I don't think there are too many CIOs in the top 1,000 companies in the U.S. that could honestly say they've ever done it. Why? Because most CIOs are not chief INFORMATION officers. They would be more accurately titled Chief INFRASTRUCTURE Officers. Don't misunderstand, keeping the IT infrastructure operational is a critical function. But we're kidding ourselves if we think CIOs are doing what the title implies. To me, this is a great disservice to the businesses we work for. That's not to say it is the fault of the CIOs. With few exceptions all the CIOs I've ever met work as hard or harder than any other executive, have the best interests of their company at heart, and have no interest in spending company money on frivolous technology for technology's sake projects. But they aren't heading up the initiatives that mine through the critical business data and seek out revenue opportunities. They are shepherds of the infrastructure which is dramatically different than being a shepherd of the information.
Think of it this way. When you think of a Chief Financial Officer, what do you think of? You think of the ultimate financial decision maker, who has a grasp on the entire financial picture of his or her organization. While they may not know all the details of every minute financial transaction (although I've met some who do), they can tell you without hesitation what the financial health of the organization is and where they stand on any given day. They shepherd the money they are entrusted to oversee. That's their job, as the job title implies. They are the chief officer of all things financial.
Contrast that to the majority of CIOs you've ever worked with. Can they tell you what is contained in the databases of the most critical applications they provide infrastructure for? Do they have an information warehouse they can pull business intelligence information from, providing critical decision making analysis back to the other business heads in real or near real time? Have they established the 'truth' about the customer base across all sources of customer related information? Have they ever been able to recommend changes in business process based upon what they see in the information they so fastidiously watch over and provide infrastructure to process and store? Unfortunately, the answer to these questions would be 'no' for most CIOs.

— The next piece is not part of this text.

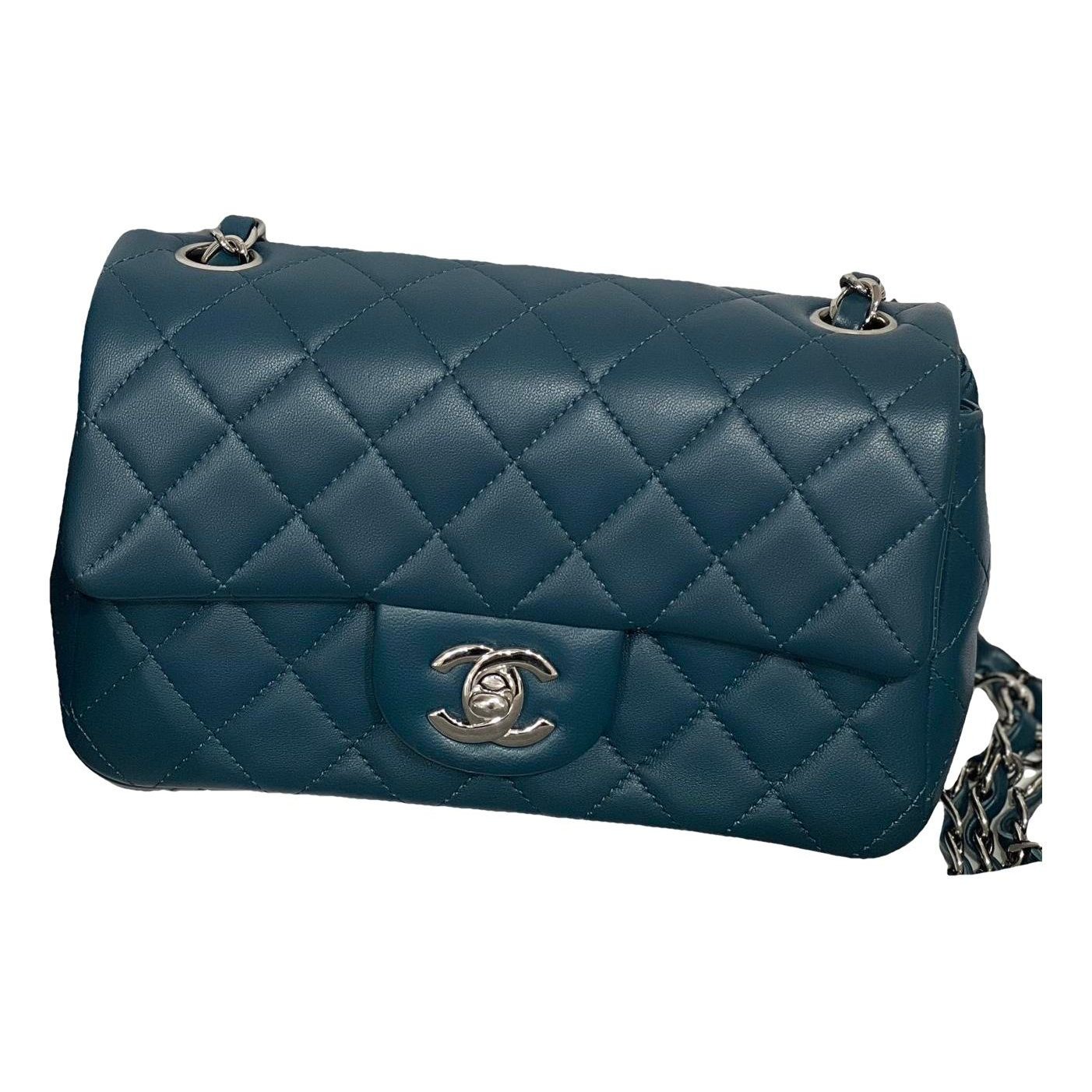 Timeless/Classique leather crossbody bag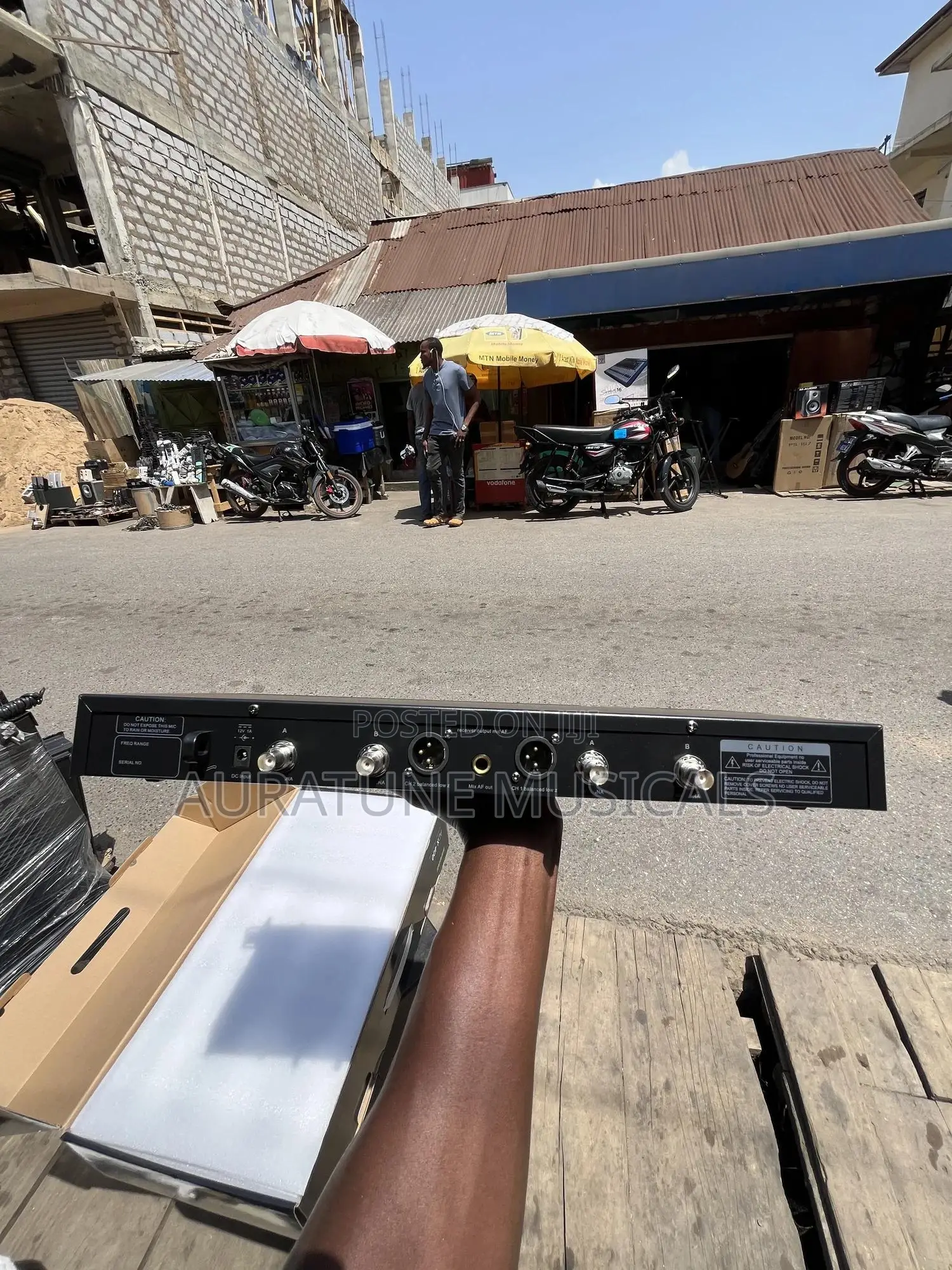 Shure Adx400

In all fairness, most organizations don't understand this, and so they don't require their CIO to be a CIO. All they really think about is "my email isn't working", or "ERP is down all the time", etc. Very few organizations understand the fact that their most valuable asset isn't their products, their people, their real estate, etc., but it is the information they have about their customers. In a global economy, if you mess up my customer record—and by mess up I mean lose my account history, somehow change my shipping address, fail to secure my credit card information, whatever—you can count on me moving to your competitor. Cost of movement for me is very low, even with arbitrary termination fees like the wireless industry imposes. I can move my accounts around multiple times until I find a provider that takes the best care of me, regardless of the product or service I require.
If you understand how to use the information you have about me, you can more effectively satisfy me as a customer, but more importantly, you can find new ways to generate revenue off of me. I'm not talking about those phone calls you get from your credit card company where they hard sell you into buying some service you don't really need or want and then you spend six months trying to get them to cancel the fees. I'm talking about the ability to truly upsell me on newer products and services based on trends you see in my purchasing patterns. I'm talking about communicating with me directly that I've done X in the past, and I might suggest doing Y in the future as it will save me more money.
Go look at the concept behind Sam's Club and their eValues. I don't know who came up with the idea inside of the Wal-Mart company, and it could maybe be structured a little better, but that's the concept. They have this massive amount of information about what I've bought from them over the last 10 or so years, but they don't use it in a way that is effective to me as a customer, that ties me to them. If IT came up with the idea, that's the kind of thing I'm talking about. If they didn't, that's just not being a good steward of the information.
I'm going to try and explore this more with more of our customers. I'd like to explore it with any of you readers. Leave me a comment with your thoughts.
Sam's Club's video explaining the eValues program
Barriers to 'cloud based computing' -- the hype machine
November 1st, 2009The hype machine is in full swing regarding cloud based computing, and I'm beginning to think that this juggernaut of marketing and confusion may be the biggest barrier of them all to wide-spread cloud adoption.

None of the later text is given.